Now the Toyota Urban Cruiser’s been launched in SA as the second fruit of the partnership which sees rebranded India-built Suzukis selling as Toyotas in certain markets. Suzuki SA had just a few weeks’ head start with local sales of its Vitara Brezza before its partner-rival launched the same vehicle with a Toyota badge.
The two cars are basically identical save for a restyling of the snout and a small difference in specifications. The Toyota’s front grille is flanked by chrome accent strips and LED projector headlamps to give the Urban Cruiser a family resemblance to its larger Fortuner and Land Cruiser siblings.
Available in three grades, the Urban Cruiser costs slightly more than the Suzuki due to all its models being equipped with the Toyota Connect telematics system which includes an in-car Wi-Fi hotspot and complimentary 15Gb data. Once linked to their profile, owners can manage their vehicle via the MyToyota App which allows on-demand service bookings, vehicle information, and tracking data among other features.
A month ago we reported on what a good value-for-money deal the Vitara Brezza is, and we can essentially cut-and-paste that finding onto the Urban Cruiser. It is a well-priced compact crossover with a surprisingly roomy cabin, decent refinement, and a generous helping of standard features.
For a compact car it has a cushy ride and its high-profile tyres are good at ironing out bumpy tar or gravel roads. For its generous 198mm ground clearance it’s a nimble vehicle with tidy cornering manners, and light steering that makes it effortless to drive in the urban bustle.
The 1.5l three-cylinder petrol engine used across the range is an honest performer, with its 77kW and 138Nm providing decent hustle in city commuting and fairly comfortable at maintaining the national 120km/h speed limit on freeways.
It’s a relatively refined motor but the five-speed manual tends to rev high in top gear on the open road (the car’s also available as a four-speed automatic). A sixth gear would have made for a more silent and frugal car on open roads, but nevertheless the test vehicle averaged an economical 6.6l /100km.
For the price the Urban Cruiser has an attractive looking interior. There are no soft-touch plastics but the textures and styling are appealing and the build quality seems solid.
Creating modern vibes is a touchscreen infotainment system with large, colourful icons, and an instrument panel offering several different colours of ambient lighting.
A decent-sized cabin perches on the car’s compact 3,995mm length, and four adults won’t find themselves cramped. The reasonably roomy 328l boot has a full-sized spare wheel.
The range-topping Urban Cruiser 1.5 Xr manual is priced at R294,500 (the equivalent Suzuki Vitara Brezza 1.5 GLX costs R289,900) and comes well stacked with features such as automatic headlights, cruise control, auto-dimming rear-view mirror, rain-sensing wipers, dual 12V power outlets, leather steering wheel, and a cooled storage compartment.
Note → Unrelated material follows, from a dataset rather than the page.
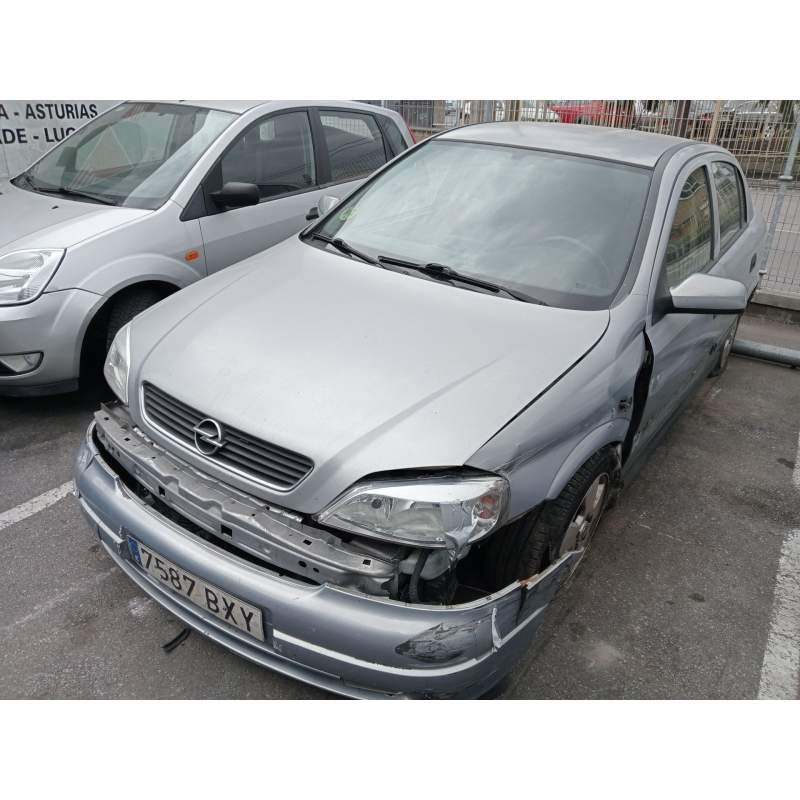 OPEL ASTRA G HATCHBACK (T98)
This is in addition to the standard fare available across the three-model range: keyless-entry with push start, electric windows all round, air-conditioning, LED headlamps, LED daytime running lights, and rear park distance control. The aforementioned touchscreen infotainment system features Apple CarPlay and Android Auto.
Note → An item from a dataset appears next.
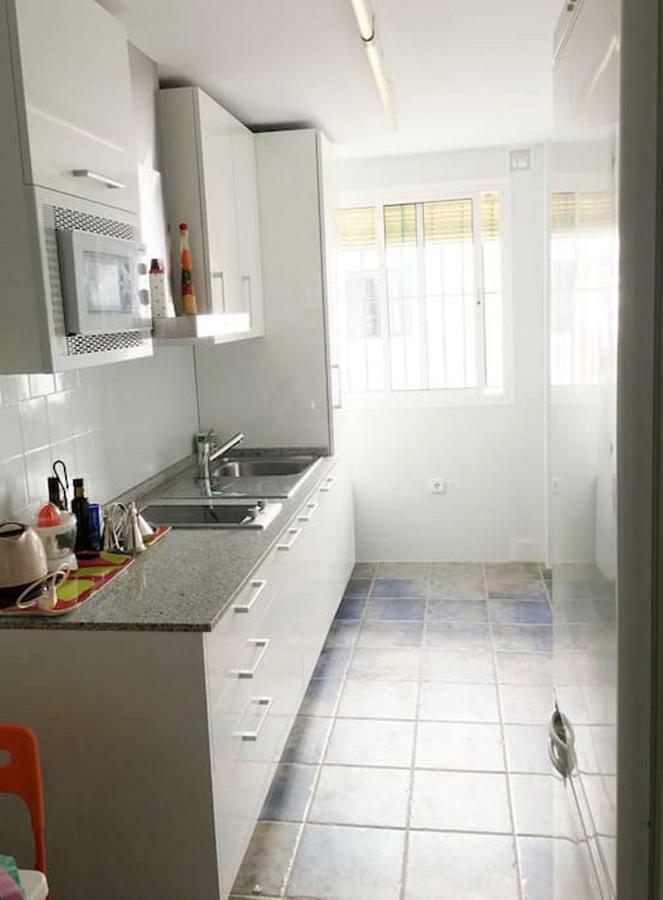 Apartamento Jardin De Santa Paula 塞维利亚 外观 照片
Safety comprises ABS brakes and dual front airbags in all versions. The Urban Cruiser hasn’t been crash tested but its donor Suzuki achieved a commendable four-star safety rating in the Global NCAP test.
A negative point is that the steering column is adjustable only for height, not reach. Also, the Urban Cruiser test car had quite lousy radio reception, which we didn’t experience in the Vitara Brezza.
Both cars offer good bang for buck in a competitive budget SUV market that includes the Ford EcoSport, Hyundai Venue, Haval H1 and Volkswagen T-Cross.
The choice between the Toyota and Suzuki will come down to brand loyalty and aftersales service. Toyota has a much larger dealer network but Suzuki offers a five-year/200,000km warranty and four-year/60,000km service plan, compared to Toyota’s three-year/100,000km warranty and three-services/45,000km service plan.